[ENH] `from_cudf_edgelist` should have a `num_nodes` argument #1206

flandolfi · 2020-10-12T16:23:29Z

Hi,

I noticed that from_cudf_edgelist does not allow the user to specify the number of nodes in the input graph. This could lead to problems while converting empty graphs or graphs with isolated nodes (with identifier greater than the maximum value in the DataFrame). Renumbering is of no help.

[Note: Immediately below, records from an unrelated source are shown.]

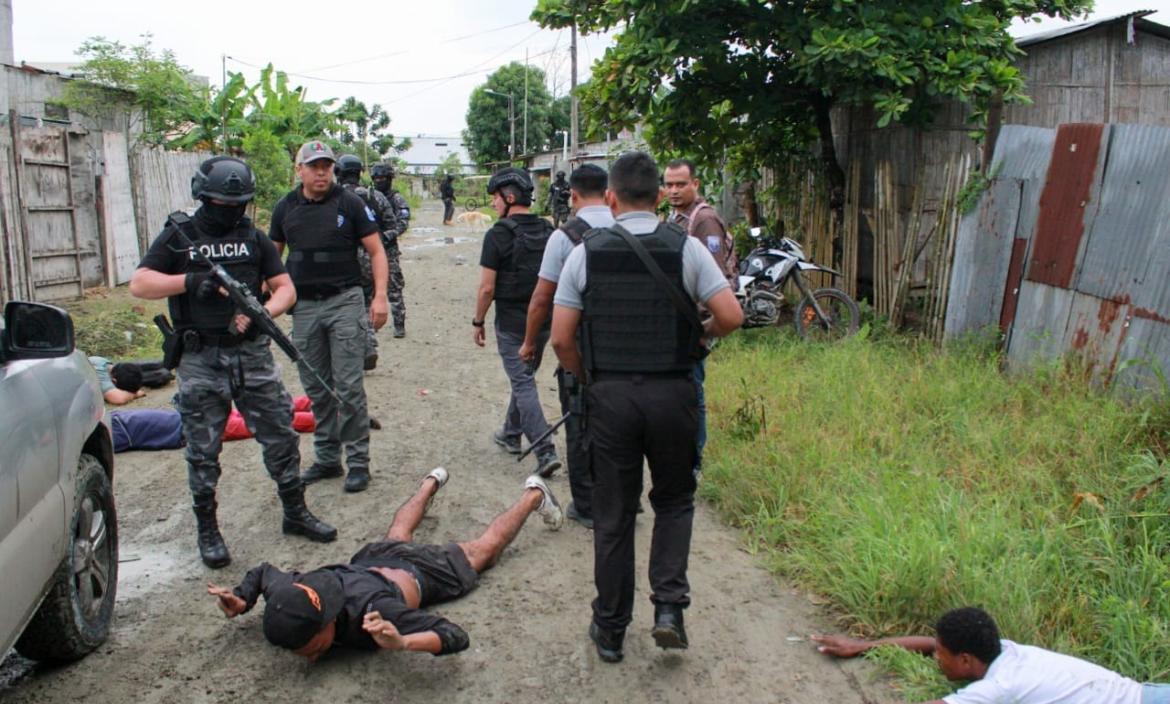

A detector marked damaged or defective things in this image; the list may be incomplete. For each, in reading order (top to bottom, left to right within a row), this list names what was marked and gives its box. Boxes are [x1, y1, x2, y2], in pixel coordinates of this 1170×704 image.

rusty metal sheet wall [1029, 122, 1109, 286]
rusty metal sheet wall [1071, 123, 1170, 301]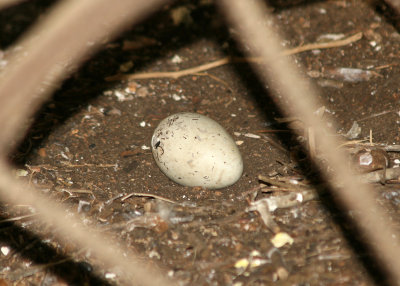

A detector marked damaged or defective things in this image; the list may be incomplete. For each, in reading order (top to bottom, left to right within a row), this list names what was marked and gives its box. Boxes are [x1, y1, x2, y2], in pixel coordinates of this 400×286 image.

rusty wire [219, 0, 400, 282]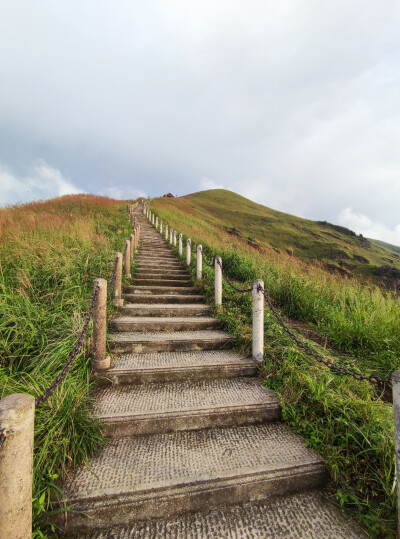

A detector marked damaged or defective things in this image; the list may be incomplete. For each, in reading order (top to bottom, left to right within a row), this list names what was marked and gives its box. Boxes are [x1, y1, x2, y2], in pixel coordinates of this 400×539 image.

rusty chain [35, 286, 101, 404]
rusty chain [256, 284, 390, 386]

How can we specify such value?

I tried changing the value of G.node_count or passing a list of identifiers to G.add_nodes_from() (both before and after from_cudf_edgelist), but executing louvain/leiden/ecg produces an error. For example:

>>> import cudf
>>> import cugraph as cx
>>> df = cudf.DataFrame([[0, 1, 1], [1, 0, 1]], columns=['source', 'destination', 'weight'])
>>> df
   source  destination  weight
0       0            1       1
1       1            0       1
>>> G = cx.Graph()  # Here G is a graph of 10 nodes, 8 of which are isolated
>>> G.add_nodes_from(list(range(10)))
>>> G.from_cudf_edgelist(df, edge_attr='weight')
>>> G.number_of_nodes()
2
>>> G.node_count = 10
>>> G.number_of_nodes()
10
>>> cx.community.louvain(G)
Traceback (most recent call last):
  File "<input>", line 1, in <module>
  File "[...]/python3.7/site-packages/cugraph/community/louvain.py", line 78, in louvain
    input_graph, max_iter, resolution
  File "cugraph/community/louvain_wrapper.pyx", line 72, in cugraph.community.louvain_wrapper.louvain
RuntimeError: __copy::trivial_device_copy H->D: failed: cudaErrorInvalidValue: invalid argument

The only workaround at the moment is to add self-loops to every (missing) node.

Kind regards,
Francesco

The text was updated successfully, but these errors were encountered:

afender · 2020-10-12T20:30:52Z

Hi Francesco,

Thanks for your message. from_cudf_edgelist has renumbering turned set to True by default. Renumbering will discard isolated vertices by nature. At this time adding a singleton (or resizing the graph) after loading the data this way is not supported/tested. There is no major technical blocker for that other than the time for enabling and testing this path.

The good news is that you can bypass this limitation and keep singletons if you set renumbering to False. Just make sure that the smallest vertex label is 0 and the largest vertex label is the total number of vertices. In your example, if you want 10 vertices it would look like this:

>>> df = cudf.DataFrame([[0, 9, 1], [9, 0, 1]], columns=['source', 'destination', 'weight'])
>>> G.from_cudf_edgelist(df, edge_attr='weight', renumber=False)
>>> G.number_of_nodes()
10

In this case vertices 1 to 8 would be isolated vertices
There may be other ways to hack this but I'd need to better understand what you are trying to do by adding these isolated vertices.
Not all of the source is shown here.